Publié le par memoire-et-societe

   La remontée spectaculaire de Berlusconi dans les sondages quelques jours avant les élections italiennes a de quoi alerter. Berlusconi, tout comme Tapie en France, est un délinquant qui devrait depuis longtemps être déchu de ses droits civiques. Donc inéligible.

   Mais alors qui sont tous ces citoyens qui se disent prêts à redonner le pouvoir au Cavaliere? en général, des gens qui déclarent qu' "ils ne font pas de politique et n' y connaissent rien." A quoi on peut rétorquer que, justement, avec un minimum d' attention, ils ne tarderaient pas à " y comprendre" quelquechose, s' agissant après tout de leur sort et de celui de leurs enfants.

   Si l' on gratte un peu, on découvre que ces "ignorants" vont quand même voter. Et si l' on gratte encore, forçant leur discrètion naturelle, qu' ils votent la plupart du temps à droite. Là se pose la question: pourquoi les gens qui se présentent comme "apolitiques" votent-ils à droite?
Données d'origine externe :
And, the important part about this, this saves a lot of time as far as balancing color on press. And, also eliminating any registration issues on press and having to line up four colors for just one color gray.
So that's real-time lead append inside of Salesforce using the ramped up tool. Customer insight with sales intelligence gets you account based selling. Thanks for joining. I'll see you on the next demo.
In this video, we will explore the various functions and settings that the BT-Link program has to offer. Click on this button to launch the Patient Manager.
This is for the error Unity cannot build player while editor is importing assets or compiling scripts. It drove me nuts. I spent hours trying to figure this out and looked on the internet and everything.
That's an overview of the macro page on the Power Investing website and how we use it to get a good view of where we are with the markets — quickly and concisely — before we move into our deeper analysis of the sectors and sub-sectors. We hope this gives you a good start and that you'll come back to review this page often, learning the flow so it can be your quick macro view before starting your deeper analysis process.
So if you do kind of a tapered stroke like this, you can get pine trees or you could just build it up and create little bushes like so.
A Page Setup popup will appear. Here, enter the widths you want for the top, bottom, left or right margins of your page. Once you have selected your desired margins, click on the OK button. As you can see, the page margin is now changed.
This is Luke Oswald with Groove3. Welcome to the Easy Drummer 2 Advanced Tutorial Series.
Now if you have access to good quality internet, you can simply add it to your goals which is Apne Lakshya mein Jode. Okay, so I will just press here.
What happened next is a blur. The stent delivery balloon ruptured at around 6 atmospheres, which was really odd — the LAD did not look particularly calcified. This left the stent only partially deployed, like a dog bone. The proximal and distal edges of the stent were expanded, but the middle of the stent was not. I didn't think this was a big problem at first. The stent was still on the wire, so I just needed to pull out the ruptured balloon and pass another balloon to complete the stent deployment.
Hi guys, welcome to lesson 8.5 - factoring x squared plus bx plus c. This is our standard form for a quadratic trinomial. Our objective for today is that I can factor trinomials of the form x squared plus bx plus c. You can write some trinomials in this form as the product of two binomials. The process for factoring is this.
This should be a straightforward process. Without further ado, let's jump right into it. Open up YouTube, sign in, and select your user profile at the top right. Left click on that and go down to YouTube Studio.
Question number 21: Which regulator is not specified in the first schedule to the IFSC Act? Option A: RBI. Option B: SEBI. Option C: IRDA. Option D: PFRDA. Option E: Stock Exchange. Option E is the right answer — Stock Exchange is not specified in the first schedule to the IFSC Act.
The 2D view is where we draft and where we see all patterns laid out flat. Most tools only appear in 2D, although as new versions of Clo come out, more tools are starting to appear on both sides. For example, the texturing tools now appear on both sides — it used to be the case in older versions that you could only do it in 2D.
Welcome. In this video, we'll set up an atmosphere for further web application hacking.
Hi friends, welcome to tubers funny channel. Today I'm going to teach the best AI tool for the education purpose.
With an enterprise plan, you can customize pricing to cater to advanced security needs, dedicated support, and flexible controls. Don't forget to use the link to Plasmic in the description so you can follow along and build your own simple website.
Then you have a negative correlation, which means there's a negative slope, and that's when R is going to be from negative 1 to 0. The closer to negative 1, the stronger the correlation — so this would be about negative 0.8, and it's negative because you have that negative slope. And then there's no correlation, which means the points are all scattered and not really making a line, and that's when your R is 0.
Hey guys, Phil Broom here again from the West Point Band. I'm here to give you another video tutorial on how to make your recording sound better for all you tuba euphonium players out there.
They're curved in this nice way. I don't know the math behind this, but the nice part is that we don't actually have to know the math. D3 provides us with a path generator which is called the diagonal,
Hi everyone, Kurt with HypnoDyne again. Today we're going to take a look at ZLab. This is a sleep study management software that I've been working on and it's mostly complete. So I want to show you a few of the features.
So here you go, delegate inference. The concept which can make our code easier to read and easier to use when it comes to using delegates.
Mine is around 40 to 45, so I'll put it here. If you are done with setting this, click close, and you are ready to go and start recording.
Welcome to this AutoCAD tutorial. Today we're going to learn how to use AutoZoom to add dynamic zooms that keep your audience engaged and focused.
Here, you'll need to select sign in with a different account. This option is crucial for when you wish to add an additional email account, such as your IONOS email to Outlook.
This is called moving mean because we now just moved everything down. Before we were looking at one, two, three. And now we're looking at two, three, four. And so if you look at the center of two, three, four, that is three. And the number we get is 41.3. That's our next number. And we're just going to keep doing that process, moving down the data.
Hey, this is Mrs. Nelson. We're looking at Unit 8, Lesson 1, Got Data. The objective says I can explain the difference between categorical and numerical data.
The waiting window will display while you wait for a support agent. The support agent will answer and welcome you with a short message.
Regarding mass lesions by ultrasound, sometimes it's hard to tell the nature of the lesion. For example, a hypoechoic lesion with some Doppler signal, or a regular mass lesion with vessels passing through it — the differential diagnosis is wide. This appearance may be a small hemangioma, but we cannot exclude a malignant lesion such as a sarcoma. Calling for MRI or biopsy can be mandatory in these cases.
Crainte d'une remise en cause de leur statut social? paresse intellectuelle et scepticisme spontané envers la novation institutionnelle, économique, sociétale?

   L' électeur apolitique se méfie de l' Etat, pourvoyeur incorrigible de fonctionnaires en surnombre et collecteur d' impôts immuablement croissants. C' est pourquoi l' apologie de l' individualisme et le discours néo-libéral flattent son oreille. Mais il n' hésite pas à en appeler au même Etat dès qu' on parle de toucher aux acquis sociaux qu' il avait d' abord combattus. En somme, l' Etat doit être là pour le défendre contre l' Etat, veiller sur sa niche fiscale et garantir sa santé et sa sécurité.

   L' apolitisme est un danger pour la vie démocratique : il récuse l' éducation civique sans laquelle une élection n' est que manipulation, la justification dont se repaissent les charlatans, affairistes et arrivistes de tous poils qui meublent les rangs des Partis dits de gouvernement. Il encourage par là l' abstention grandissante qui exprime ainsi son dégoût, non de la " res publica ", mais de ce qu' en font des politiciens insubmersibles, des avocats véreux et des journalistes douteux, tous forts de leur solidarité de caste.
   Berlusconi (n' a-t-il pas promis de rembourser les impôts?) réintronisé par le biais de l' apolitisme? Mauvais coup pour l' Italie. Affligeante défaite pour les espoirs de construction politique d' une Europe en perte de vitesse.